The editors describe this region as an “ambiguous space that lay at the margins of direct political control by the metropolitan states, where local and colonial ideas and practices were reconstructed trans-culturally.”

But the focus of this book is not its political history but its artifacts, and the details of those are provided within its five chapters, namely:

  1. Shaping the study of Inner Asian Artifacts and Mental Boundaries
  2. Technoscapes and the Materialization of Ideas in Metal and on the Inner Asian Frontier
  3. Identity and Artifacts on the North Central and Northeastern Frontier During the Period of State Expansion in the Late Second and the Early First Millennium BCE.
  4. The Rise of States and the Formation of Group Identities in the Western Regions of the Inner Asian Frontier (C. 1500 to the Eighth Century BCE)
  5. Final Statement / Conclusions and Future Challenges

From an archaeological standpoint, the editors describe the region they traveled to and explored, this way: “We think that this region is best described as a multi-centered frontier, one where allegiances shift constantly and where self-identified units were generated, established, and collapsed. The variation identified in material culture, especially as deposited in burials, might have indicated differences in lifeways, languages, customs and ambitions. We use concepts called technoscapes, lineagescapes, regionscapes, and individualscapes to discuss the  archaeological and inscriptional data at different scales, and in the process also distance ourselves from a Sinocentric view.”

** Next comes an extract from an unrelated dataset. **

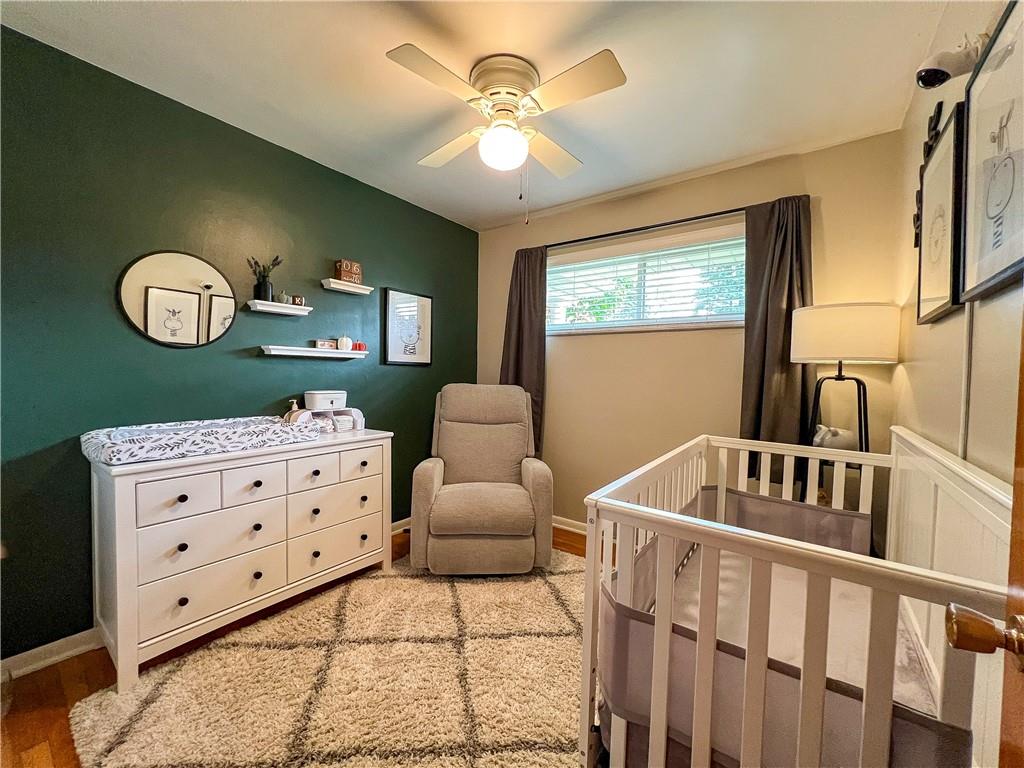 139 Delaware Drive Butler, PA 16001 - Photo 9 of 27 a bedroom with furniture and a window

The editors point out their analysis of the material evidence they found (artifacts) and discuss in this book s intended to shift from the search for sources of the core culture and who contributed to it, to rather an examination of the diversity and flexibility of the cultures outside of the dynamic centers.

Traveling to and looking at vast multicultural nature of northwest China with its many ethnicities must have, I am sure, an extremely difficult task, so I must say that the product of their efforts – this book – sheds new light on the nature of this vast area and its diversity. This is an excellent,   eye-opening, and pioneering work, adding important knowledge about this region of the world.

 

Editors:

Katheryn M. Linduff is a professor in the Departments of Art History and Anthropology at the University of Pittsburgh. She has engaged for many years in art-historical and collaborative archaeological fieldwork, focusing on the pre- and early history, including the Bronze and Iron Age, of the Northern Zone. She has published extensively on metallurgy, gender, China and Eurasia, the archaeology of the Inner Asian Frontier and artifacts. Most recently, she co-edited Social Complexity in Prehistoric Eurasia: Monuments, Metals and Mobility (Cambridge University Press, 2009).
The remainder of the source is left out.